WEB Advent 2010 / Output Buffering

When I chose to write about output buffering for this year’s PHP Advent, my depth of knowledge on the subject was very limited. I picked a topic that I could learn well, and then explain thoroughly without writing an entire book. It’s a feature that will likely be new to beginners, but which even intermediate and advanced users may not have used much. Output buffering has simple, practical applications, and it can also play a roll in more complicated systems. It is one of those tools that you might not realize you need if you don’t know that it exists, and it is my pleasure to introduce you to it.

PHP’s output buffering trinity

A typical PHP installation actually has three different layers of output buffering. The layer closest to the client is controlled by the output_buffering directive in php.ini.
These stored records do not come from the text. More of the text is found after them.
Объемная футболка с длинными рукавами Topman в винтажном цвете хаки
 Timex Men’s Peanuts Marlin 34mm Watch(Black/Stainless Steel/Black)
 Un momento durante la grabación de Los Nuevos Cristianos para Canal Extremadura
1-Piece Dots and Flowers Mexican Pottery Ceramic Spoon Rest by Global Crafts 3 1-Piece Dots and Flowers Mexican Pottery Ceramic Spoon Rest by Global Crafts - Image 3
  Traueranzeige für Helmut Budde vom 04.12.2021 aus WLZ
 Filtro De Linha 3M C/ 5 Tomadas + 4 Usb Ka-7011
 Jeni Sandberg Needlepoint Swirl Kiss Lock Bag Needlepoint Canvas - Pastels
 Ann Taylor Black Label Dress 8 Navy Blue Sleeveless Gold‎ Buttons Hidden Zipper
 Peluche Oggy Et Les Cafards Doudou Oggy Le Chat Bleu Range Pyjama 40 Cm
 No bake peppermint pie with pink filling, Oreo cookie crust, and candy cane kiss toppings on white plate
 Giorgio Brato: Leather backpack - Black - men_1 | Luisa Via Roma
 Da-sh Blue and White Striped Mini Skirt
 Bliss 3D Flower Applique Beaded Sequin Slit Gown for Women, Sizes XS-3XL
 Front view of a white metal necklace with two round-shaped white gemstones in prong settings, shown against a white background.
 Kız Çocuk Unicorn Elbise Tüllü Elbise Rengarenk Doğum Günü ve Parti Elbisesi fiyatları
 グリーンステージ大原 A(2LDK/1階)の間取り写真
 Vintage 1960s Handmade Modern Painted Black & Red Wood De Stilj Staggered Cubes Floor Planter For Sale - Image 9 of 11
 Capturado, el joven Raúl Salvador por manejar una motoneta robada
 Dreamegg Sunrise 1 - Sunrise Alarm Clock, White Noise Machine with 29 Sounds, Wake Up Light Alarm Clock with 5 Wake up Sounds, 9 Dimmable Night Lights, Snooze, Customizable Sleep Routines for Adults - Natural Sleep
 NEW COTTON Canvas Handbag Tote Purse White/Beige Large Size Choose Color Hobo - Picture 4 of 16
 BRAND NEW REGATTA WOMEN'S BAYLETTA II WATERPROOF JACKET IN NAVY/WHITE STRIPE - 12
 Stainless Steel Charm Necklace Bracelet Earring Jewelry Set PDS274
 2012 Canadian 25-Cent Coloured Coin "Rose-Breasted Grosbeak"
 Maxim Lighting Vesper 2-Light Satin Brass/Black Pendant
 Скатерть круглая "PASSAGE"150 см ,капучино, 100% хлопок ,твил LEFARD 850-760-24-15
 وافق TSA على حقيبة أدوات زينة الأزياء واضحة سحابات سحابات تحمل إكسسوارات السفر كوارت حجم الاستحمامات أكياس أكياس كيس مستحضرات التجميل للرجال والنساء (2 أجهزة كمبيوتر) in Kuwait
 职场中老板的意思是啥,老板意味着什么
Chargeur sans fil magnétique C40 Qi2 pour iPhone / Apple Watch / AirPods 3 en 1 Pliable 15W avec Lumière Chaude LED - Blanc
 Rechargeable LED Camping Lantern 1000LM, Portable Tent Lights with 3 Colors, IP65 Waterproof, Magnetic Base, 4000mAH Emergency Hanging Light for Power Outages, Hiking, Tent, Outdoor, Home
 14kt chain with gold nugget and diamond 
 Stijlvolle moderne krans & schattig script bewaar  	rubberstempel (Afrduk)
This setting can be set to On, Off, or an integer that represents the number of bytes at which PHP should flush the buffer. The purpose of this buffer is to control how much data is sent to the browser at a time. The options are fairly self-explanatory; Off sends the data immediately, and On collects the entire output of the script and sends it all at once. I’ll call this layer the output buffering layer.

I call the next layer the flush layer. It is another control that can simply be turned On or Off using the implicit_flush directive in php.ini. When implicit_flush is on, every output operation flushes immediately to the output buffering layer; otherwise, you have to call flush() to manually flush this buffer. By default, implicit_flush is disabled, except when using the CLI SAPI. This is a sensible default, because the constant flushing can generate a lot of overhead, particularly when output_buffering is disabled. If the purpose of the output buffering layer is to control how much data is output, this layer’s purpose is to control when data is output.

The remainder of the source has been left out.